Denpasar (ANTARA News) - Seni pertunjukan klasik dalam kehidupan masyarakat Bali kini semakin terpinggirkan, bahkan hanya dipentaskan untuk kelengkapan kegiatan keagamaan yang digelar masyarakat setempat.

"Wayang wong, misalnya, semakin sulit untuk dijumpai pementasannya. Bahkan, salah satu seni karawitan Bali yang disebut gambang, nyaris menuju kepunahan," kata Kadek Suartaya SSn, MSi, dosen Program Studi Seni Karawitan Institut Seni Indonesia (ISI) Denpasar, Kamis.

Ia menilaim, beberapa bentuk seni tradisional klasik Bali kini dalam kondisi yang nyaris sulit dijumpai di arena pertunjukan. "Banyak seni klasik yang hidup segan mati pun pasrah," katanya.

Dikatakannya, sebagian masyarakat pendukung seni semakin tak hirau dengan nilai-nilai luhur yang terkandung dalam ekspresi seni klasik tersebut.

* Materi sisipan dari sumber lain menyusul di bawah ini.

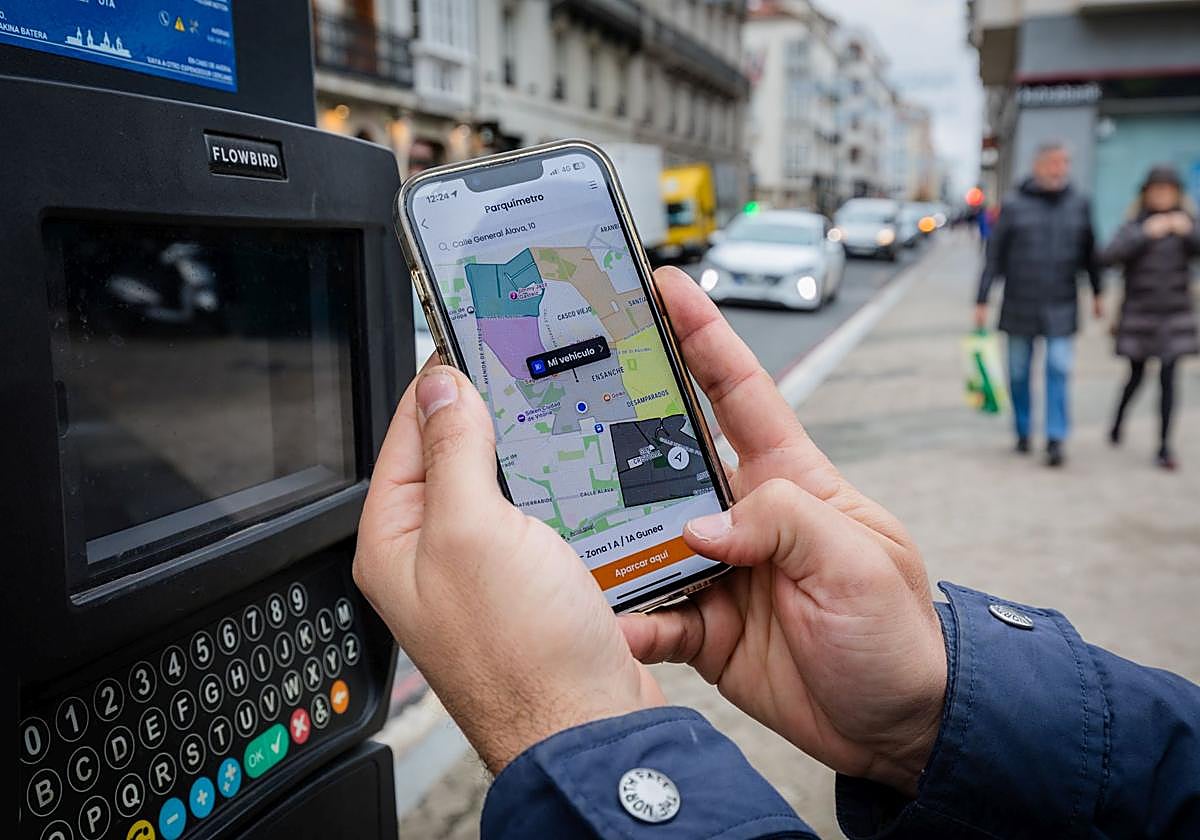 Una persona paga la OTA en Vitoria a traves de la aplicación móvil.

Di tengah kekawatiran terhadap kelestarian dan kesinambungan seni tersebut, Kadek Suartaya mengaku cukup terobati sehubungan selama sebulan penuh pelaksanaan Pesta Kesenian Bali (PKB) ke-32 tahun 2010, telah memberikan porsi yang besar terhadap kesenian klasik yang keberadaannya hampir punah.

"Pementasan PKB merupakan bentuk kepedulian terhadap keberadaan seni klasik Bali yang sedang merana itu," ujar Kadek Suartaya.

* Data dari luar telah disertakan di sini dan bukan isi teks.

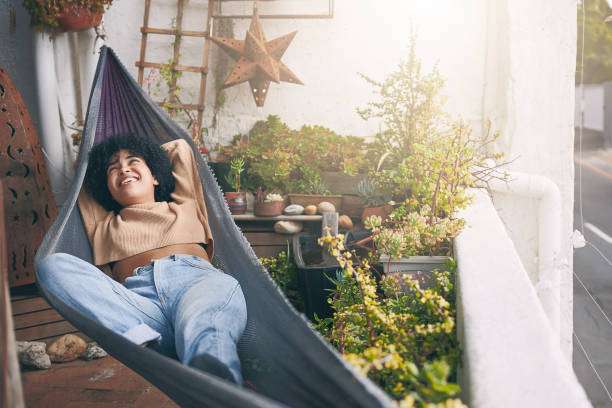 Happy woman relaxing in a grey hammock on a sunny, plant-filled balcony.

Bahkan, kata dia, ada pementasan dalam satu hari menampilkan empat bentuk pagelaran seni klasik, antara lain tari klasik Barong Banjarangkan, Klungkung, karawitan klasik Caruk Kabupaten Bangli, karawitan klasik Slonding Kabupaten Gianyar, dan karawitan klasik Gambang Kabupaten Badung.

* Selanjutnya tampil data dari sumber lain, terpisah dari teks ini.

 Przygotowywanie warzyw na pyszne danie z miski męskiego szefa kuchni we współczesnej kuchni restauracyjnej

Demikian pula penampilan tari klasik Kumara Eka Banjar Lepang, Banjarangkan, Klungkung dengan menampilkan penabuh dan penari yang rata-rata berusia remaja itu.

Bertitik tolak dari lakon Barong Swari, para seniman muda yang energik ini mencoba memberikan interpretasi tema PKB ke-32 dalam implementasi sajian seninya.

Lewat berbagai sajian pementasan dalam PKB, diharapkan seni budaya Bali tetap eksis dan kokoh dari satu generasi ke generasi berikutnya, harap Kadek Suartaya.